Working data
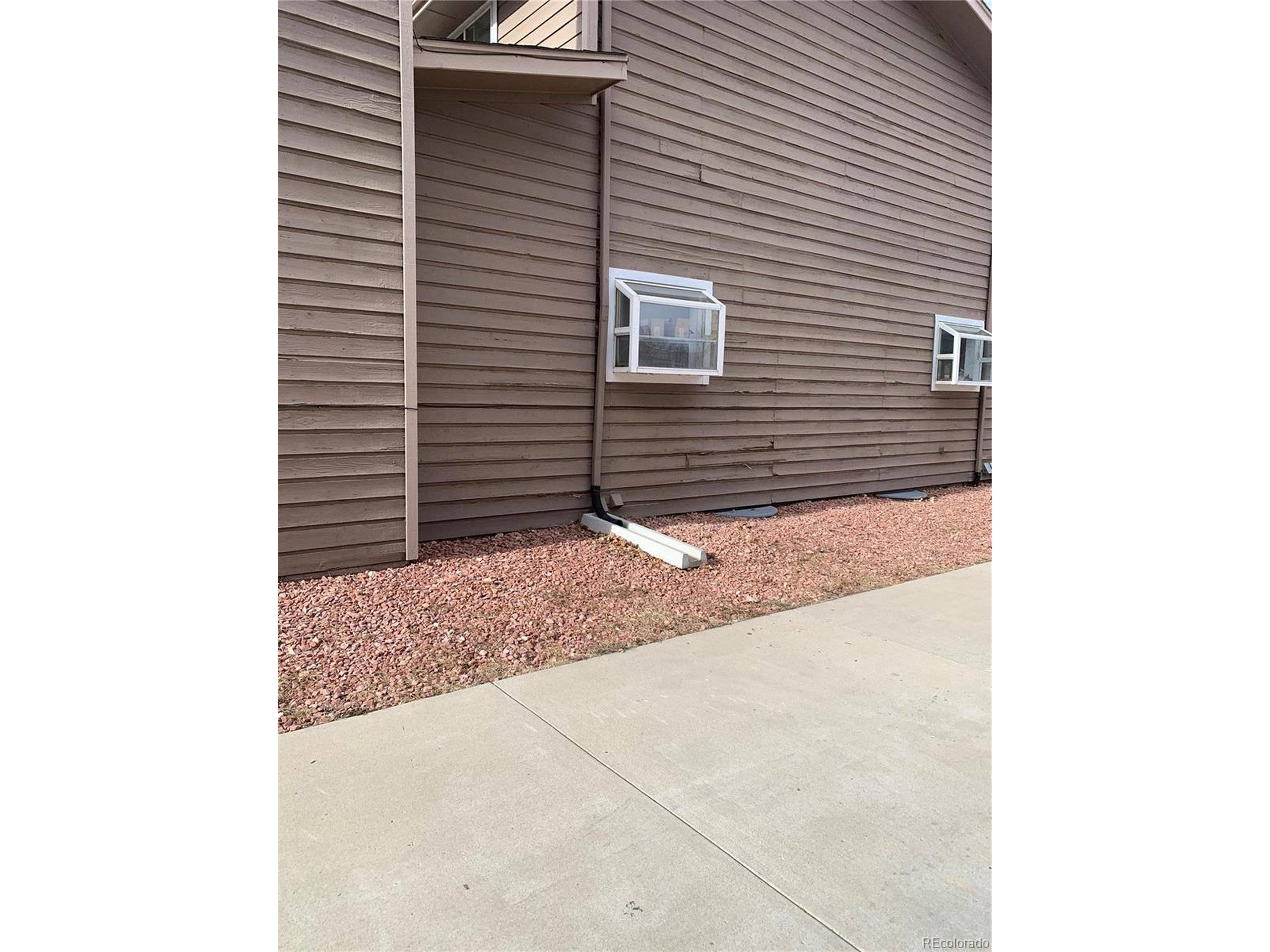 Longmont, CO 80501,841 Crisman Dr #12
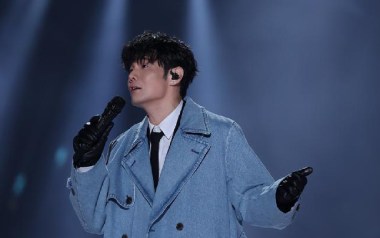 都一样吉他六线谱_李荣浩_A调手指指法弹唱伴奏谱_图片谱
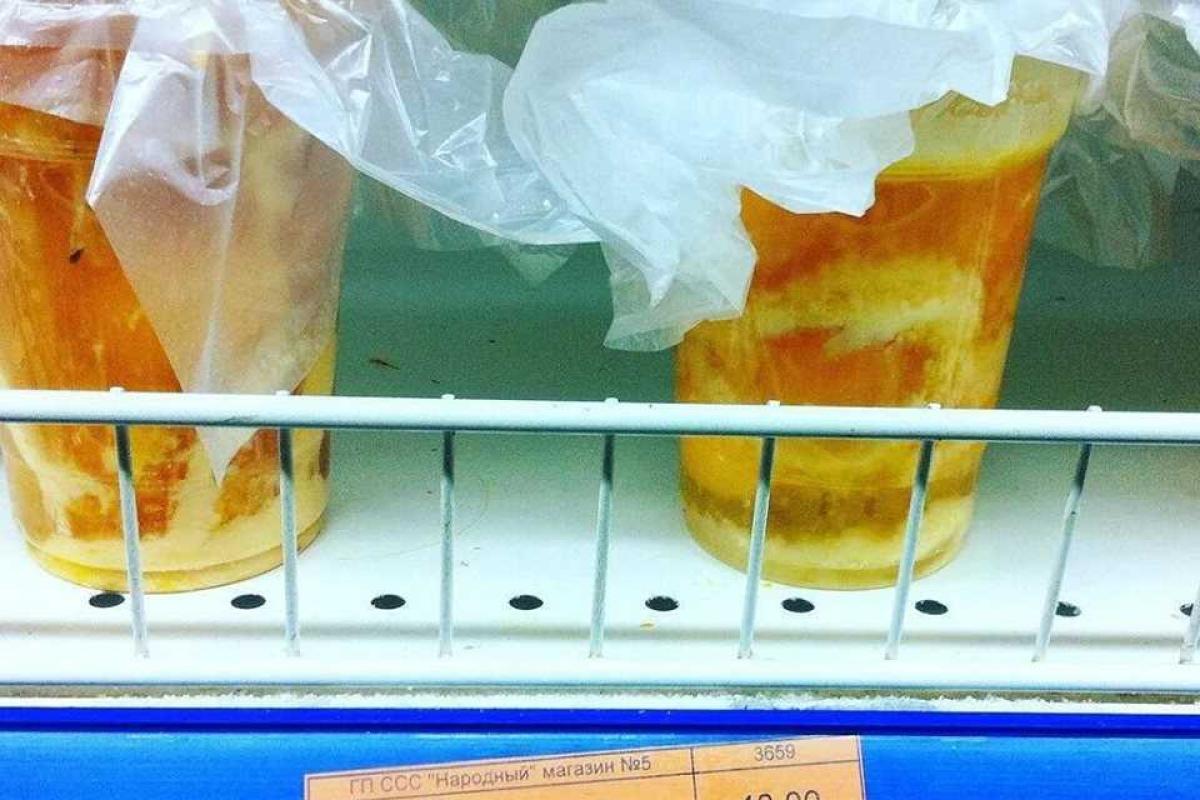 В магазинах "ЛНР" продают битые куриные яйца В магазинах "ЛНР" продают битые куриные яйца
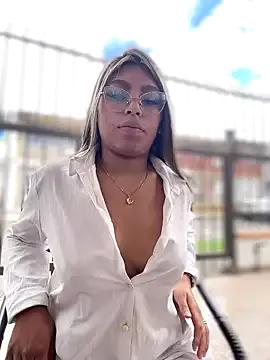 ZoeMiller_Pink — SHOW BOOBS WITH CREAM!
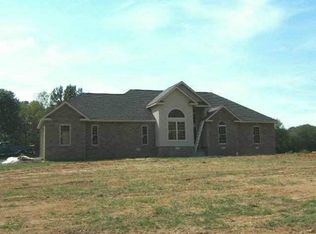 61 Bluffview Dr, Flippin, AR 72634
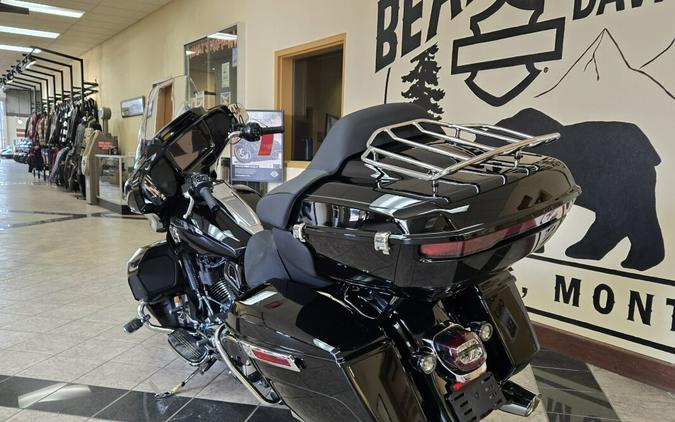 2026 Harley-Davidson® Street Glide® Vivid Black Chrome Trim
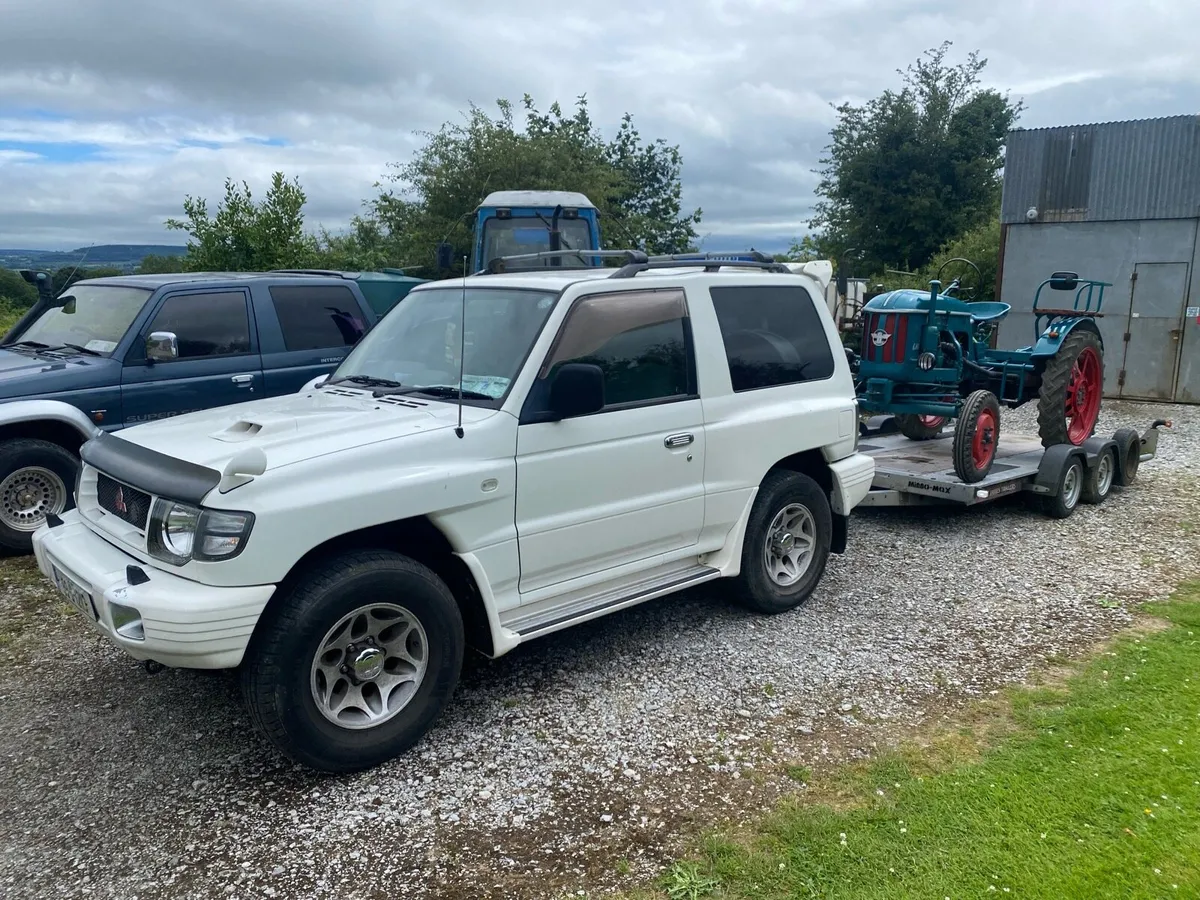Jeep, trailer and tractor - Image 2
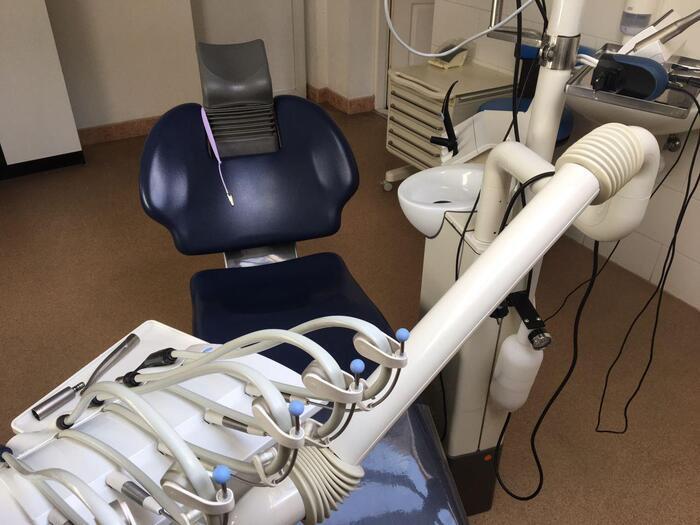 sirona C3+ 2 мотора з підсвіткою.2 пустера з підсвіткою.Ультразвуковий наконечник з підсвіткою. Zooble.com.ua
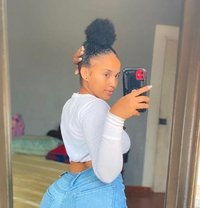 Lian - एस्कॉर्ट in Bangalore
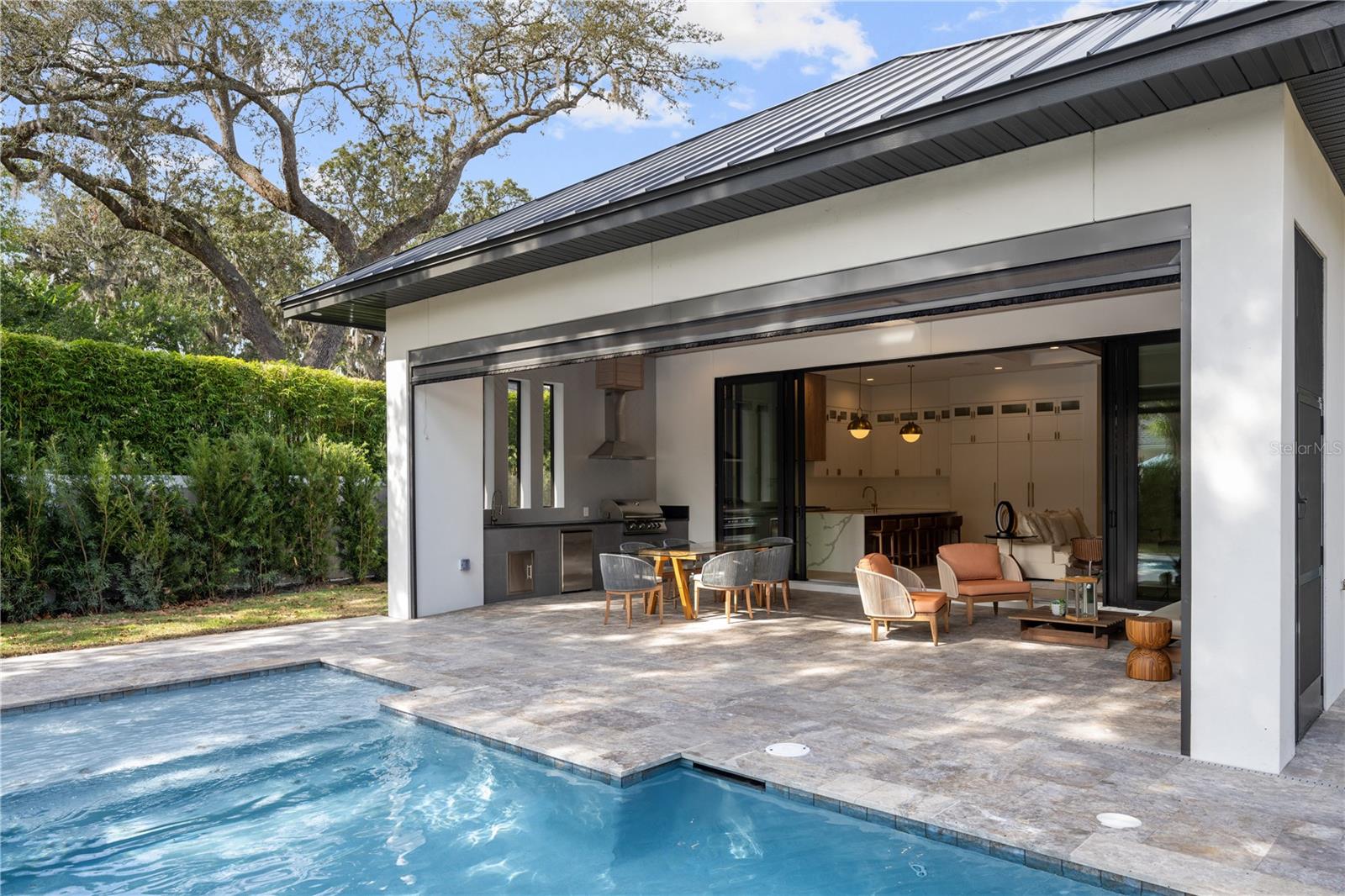 CHARMONT - Residential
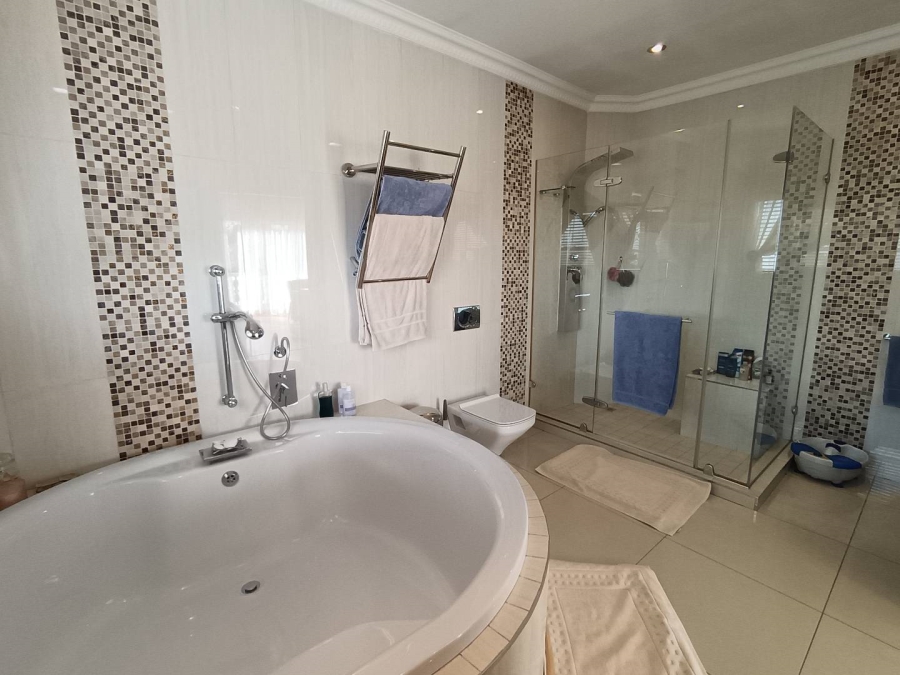4 Bedroom Property for Sale in Brackenhurst Gauteng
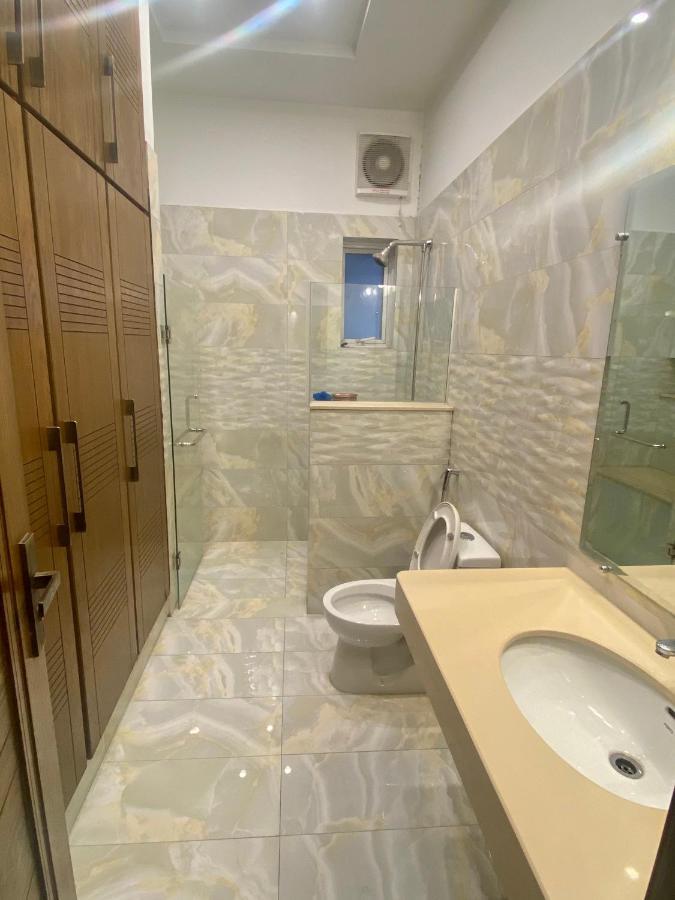 Luxury Guest House In Bahria Town 라왈핀디 외부 사진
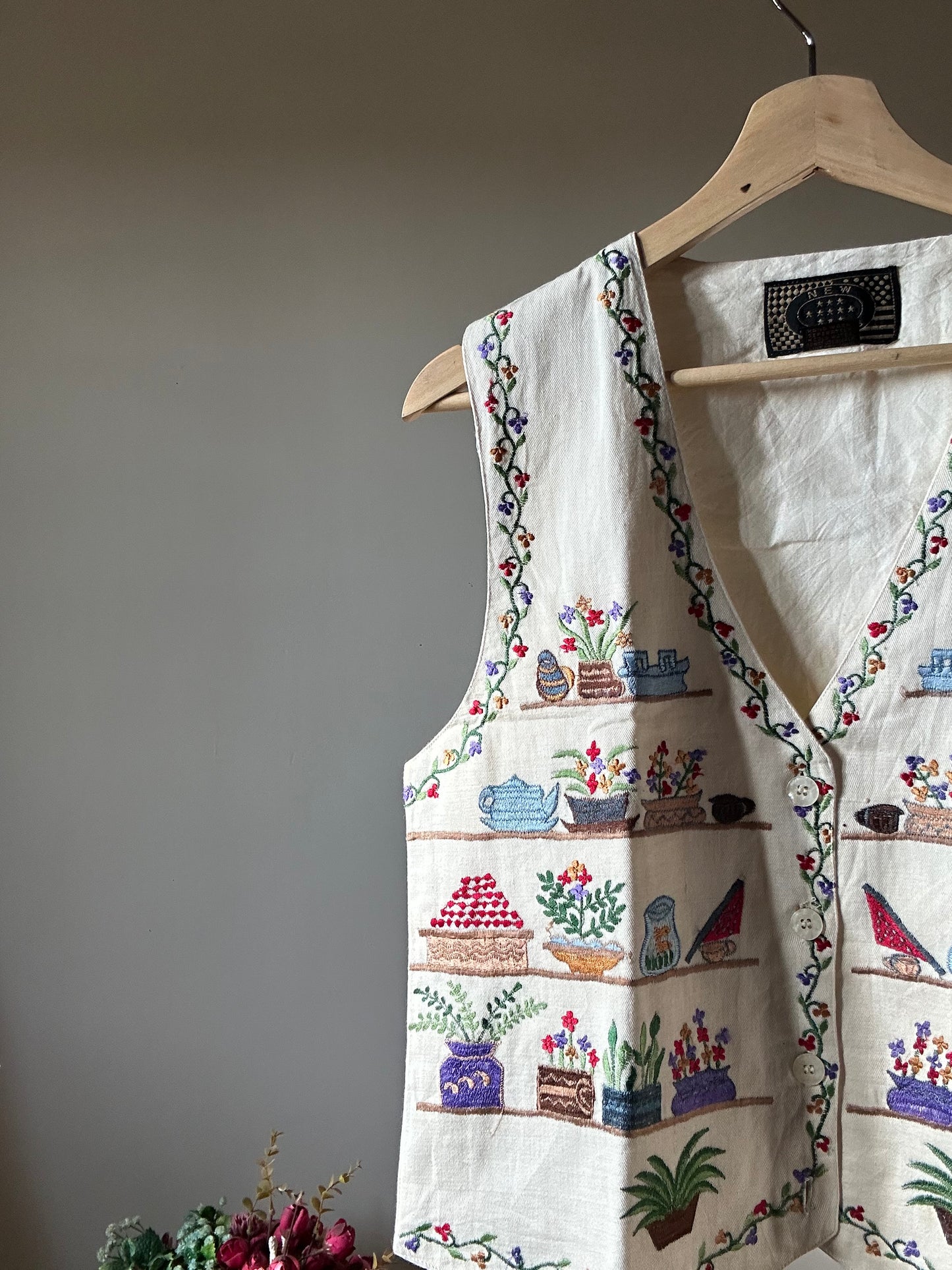 New Directions Vintage All Embroidered Sweet Home Vest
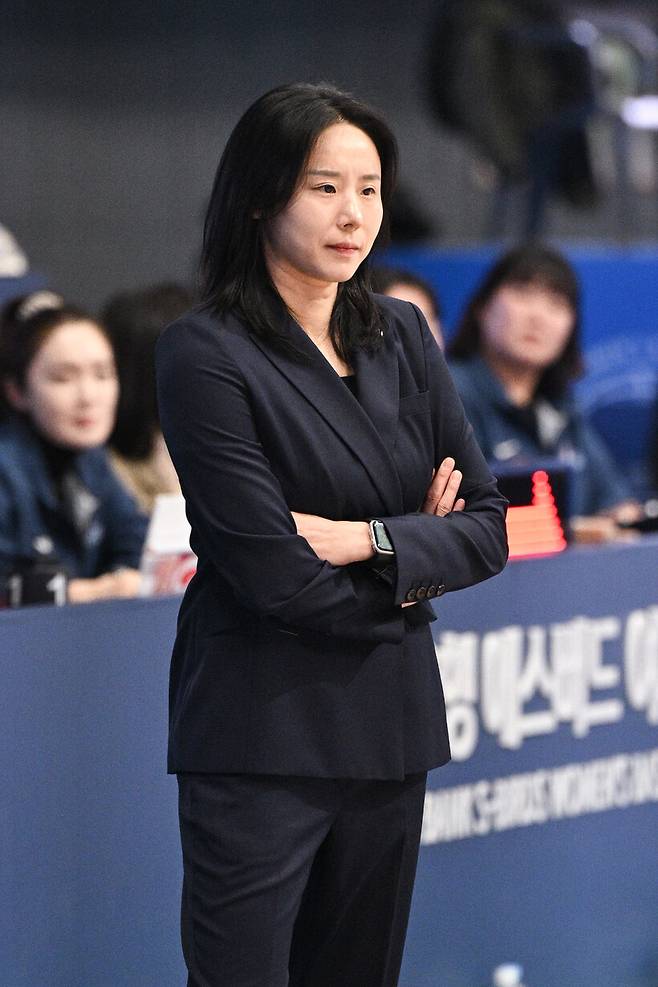 ‘패-패-패-패-패-패’ 길어지는 연패의 고리… 최윤아 감독의 한숨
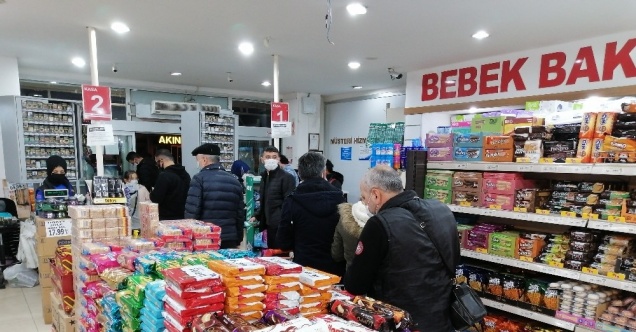 Sokağa çıkma kısıtlaması öncesi marketlerde yoğunluk yaşandı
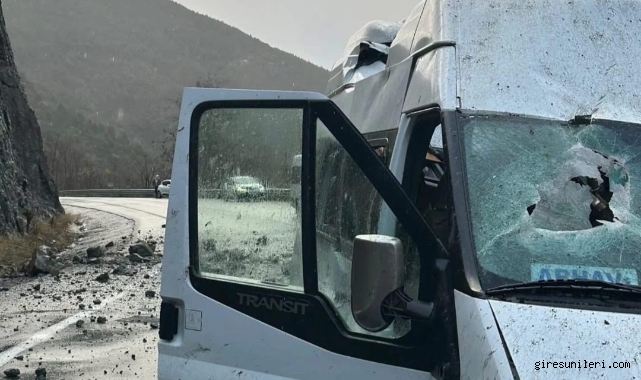 Seyir halindeki yolcu minibüsüne kaya parçaları düştü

What is expected
Nothing but the lines from the first line of the data above through the line holding "Jeep, trailer and tractor - Image 2" may appear in the response, copied exactly and without pictures.

Expected answer
 Longmont, CO 80501,841 Crisman Dr #12
 都一样吉他六线谱_李荣浩_A调手指指法弹唱伴奏谱_图片谱
 В магазинах "ЛНР" продают битые куриные яйца В магазинах "ЛНР" продают битые куриные яйца
 ZoeMiller_Pink — SHOW BOOBS WITH CREAM!
 61 Bluffview Dr, Flippin, AR 72634
 2026 Harley-Davidson® Street Glide® Vivid Black Chrome Trim
Jeep, trailer and tractor - Image 2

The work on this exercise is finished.